O jornalista João Borges de Souza morreu no dia de junho de 2022, aos 87 anos. Não se escreverá uma história do jornalismo no Rio Grande do Sul sem passar pela biografia dele.
Jornalista de alto quilate numa geração de grandes talentos, João Souza ainda se sobressaia por uma qualidade rara entre os jornalistas, sempre suscetíveis de personalismos: a capacidade de aglutinar e alcançar consensos.
Um dos primeiros negros numa redação em Porto Alegre, integrou a lendária equipe da Última Hora, da rede de Samuel Wainer, que mudou a maneira de fazer jornalismo no Brasil dos anos 1960.

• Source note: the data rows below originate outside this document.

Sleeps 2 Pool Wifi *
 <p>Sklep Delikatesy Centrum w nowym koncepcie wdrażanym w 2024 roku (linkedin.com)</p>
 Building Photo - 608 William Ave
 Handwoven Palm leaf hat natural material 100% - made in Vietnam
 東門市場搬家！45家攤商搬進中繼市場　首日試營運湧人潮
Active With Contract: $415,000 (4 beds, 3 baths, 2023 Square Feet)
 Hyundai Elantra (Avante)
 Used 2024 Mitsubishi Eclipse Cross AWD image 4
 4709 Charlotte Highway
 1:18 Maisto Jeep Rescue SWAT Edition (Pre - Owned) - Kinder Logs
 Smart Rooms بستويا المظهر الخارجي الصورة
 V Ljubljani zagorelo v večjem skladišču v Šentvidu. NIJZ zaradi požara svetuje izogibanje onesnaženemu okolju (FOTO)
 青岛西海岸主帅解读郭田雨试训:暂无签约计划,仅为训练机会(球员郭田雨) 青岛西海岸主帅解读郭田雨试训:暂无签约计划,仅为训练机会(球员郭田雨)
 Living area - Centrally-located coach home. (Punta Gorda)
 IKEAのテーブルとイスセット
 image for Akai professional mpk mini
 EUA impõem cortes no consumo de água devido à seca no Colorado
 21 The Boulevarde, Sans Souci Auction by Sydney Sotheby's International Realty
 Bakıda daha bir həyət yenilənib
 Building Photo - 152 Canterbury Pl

Foi o primeiro a acompanhar o movimento sindical como repórter de A Hora e, depois, da Última Hora, onde cobriu greves históricas, como a dos ferroviários em Santa Maria, em 1958 – época em que os, então, chamados “movimentos paredistas” não mereciam mais que tímidas notas nos jornais.
Quando a polícia empastelou a Última Hora, no golpe de 1964, e muitos tiveram que fugir, João se refugiou na Secretaria da Saúde, onde o amigo Tarso de Castro lhe havia arranjado um emprego na assessoria de imprensa.
Quando o jornal voltou a circular com outro nome (Zero Hora) e outra orientação política (a favor dos militares), aquele grupo da redação da UH, sempre sob a liderança de João Aveline, se reconstituiu na redação da ZH e ele voltou. Seria repórter e depois editor de política.
Foi nessa condição que o conheci na Folha da Manhã, em 1972. Tinha trinta e poucos anos, mas já era uma referência para jovens e veteranos. Não se tomava uma decisão importante na redação sem ouvir o “nego João”. Nêgo, no caso era uma espécie de título nobiliárquico, algo como um xamã ou príncipe, que seu porte, sua elegância natural e suas palavras precisas referendavam.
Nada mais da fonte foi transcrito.